It's not my windows firewall or my avast one either. I looked through the rest of my installed programs list and could not seem to find anymore firewalls.


----------



## johnwill (Sep 26, 2002)

For a test, run the port scan with the portforwarding disabled and then enabled. If you see a different status, then the port forwarding is working in the router.


----------



## chaosakita (Mar 31, 2008)

johnwill said:


> For a test, run the port scan with the portforwarding disabled and then enabled. If you see a different status, then the port forwarding is working in the router.

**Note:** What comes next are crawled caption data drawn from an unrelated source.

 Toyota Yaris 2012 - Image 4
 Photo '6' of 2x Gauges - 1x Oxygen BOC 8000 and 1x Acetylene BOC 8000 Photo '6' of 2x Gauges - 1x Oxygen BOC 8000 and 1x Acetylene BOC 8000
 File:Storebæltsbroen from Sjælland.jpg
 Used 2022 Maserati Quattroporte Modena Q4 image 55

Actually, even with port forwarding disabled, the connection still times out.


----------



## johnwill (Sep 26, 2002)

Please post the results of the following test site with port forwarding enabled and disabled.

ShieldsUp


To post a screen shot of the active window, hold the _*Alt*_ key and press the *PrtScn* key. Open the Windows PAINT application and _*Paste*_ the screen shot. You can then use PAINT to trim to suit, and save it as a JPG format file. To upload it to TSG, open the full reply window and use the _*Manage Attachments*_ button to upload it here.


----------



## chaosakita (Mar 31, 2008)

Ok. The first picture is with port forwarding and the second one is without. Both results are the same, so it's leading me to believe that I may not have port forwarding set up correctly.


----------



## johnwill (Sep 26, 2002)

Please post the EXACT make and model of both the modem and the router in use.


----------